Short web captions
Content starts
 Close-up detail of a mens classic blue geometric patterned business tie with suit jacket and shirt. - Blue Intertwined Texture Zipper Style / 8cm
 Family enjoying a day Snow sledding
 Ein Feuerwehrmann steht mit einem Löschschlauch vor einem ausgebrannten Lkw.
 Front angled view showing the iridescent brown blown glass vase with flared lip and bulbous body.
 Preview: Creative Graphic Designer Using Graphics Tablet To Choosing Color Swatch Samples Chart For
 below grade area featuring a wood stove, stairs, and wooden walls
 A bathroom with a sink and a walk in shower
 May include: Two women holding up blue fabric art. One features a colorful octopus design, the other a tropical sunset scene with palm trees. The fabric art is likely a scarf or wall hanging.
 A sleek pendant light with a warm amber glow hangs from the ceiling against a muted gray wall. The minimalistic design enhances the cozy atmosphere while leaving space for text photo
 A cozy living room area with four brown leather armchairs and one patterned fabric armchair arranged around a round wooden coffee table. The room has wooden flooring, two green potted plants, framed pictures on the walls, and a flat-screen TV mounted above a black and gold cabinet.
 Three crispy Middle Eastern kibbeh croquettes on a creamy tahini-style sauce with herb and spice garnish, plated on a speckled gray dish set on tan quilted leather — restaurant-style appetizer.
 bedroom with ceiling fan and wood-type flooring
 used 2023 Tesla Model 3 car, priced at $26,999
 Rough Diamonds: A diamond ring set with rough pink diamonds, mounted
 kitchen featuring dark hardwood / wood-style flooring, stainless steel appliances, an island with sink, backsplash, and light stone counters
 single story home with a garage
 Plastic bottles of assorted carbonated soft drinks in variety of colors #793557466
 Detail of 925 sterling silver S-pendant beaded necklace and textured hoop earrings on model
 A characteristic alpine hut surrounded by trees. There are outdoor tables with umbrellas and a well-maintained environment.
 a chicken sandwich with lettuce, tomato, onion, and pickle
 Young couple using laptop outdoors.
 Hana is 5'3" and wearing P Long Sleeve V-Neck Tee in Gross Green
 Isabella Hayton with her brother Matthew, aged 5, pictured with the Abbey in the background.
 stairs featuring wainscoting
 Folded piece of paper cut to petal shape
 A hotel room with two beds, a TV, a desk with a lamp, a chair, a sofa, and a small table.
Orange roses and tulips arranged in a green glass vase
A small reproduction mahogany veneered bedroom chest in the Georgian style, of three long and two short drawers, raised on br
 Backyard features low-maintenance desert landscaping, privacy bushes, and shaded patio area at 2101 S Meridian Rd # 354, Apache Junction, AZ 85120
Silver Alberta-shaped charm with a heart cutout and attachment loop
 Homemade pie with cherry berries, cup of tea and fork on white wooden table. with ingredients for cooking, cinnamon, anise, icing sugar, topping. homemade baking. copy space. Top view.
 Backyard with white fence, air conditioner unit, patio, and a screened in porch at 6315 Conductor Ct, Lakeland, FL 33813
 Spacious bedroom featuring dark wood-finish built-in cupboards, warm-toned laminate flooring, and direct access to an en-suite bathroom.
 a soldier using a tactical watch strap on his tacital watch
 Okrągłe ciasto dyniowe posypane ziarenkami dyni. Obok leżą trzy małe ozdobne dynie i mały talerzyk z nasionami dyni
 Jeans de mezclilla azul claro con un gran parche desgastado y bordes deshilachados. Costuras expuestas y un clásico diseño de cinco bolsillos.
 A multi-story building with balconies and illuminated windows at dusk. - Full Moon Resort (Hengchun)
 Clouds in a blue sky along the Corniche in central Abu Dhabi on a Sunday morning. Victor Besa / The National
Content ends
Work request
Find and copy each line above holding "wooden".

Task response
 below grade area featuring a wood stove, stairs, and wooden walls
 A cozy living room area with four brown leather armchairs and one patterned fabric armchair arranged around a round wooden coffee table. The room has wooden flooring, two green potted plants, framed pictures on the walls, and a flat-screen TV mounted above a black and gold cabinet.
 Homemade pie with cherry berries, cup of tea and fork on white wooden table. with ingredients for cooking, cinnamon, anise, icing sugar, topping. homemade baking. copy space. Top view.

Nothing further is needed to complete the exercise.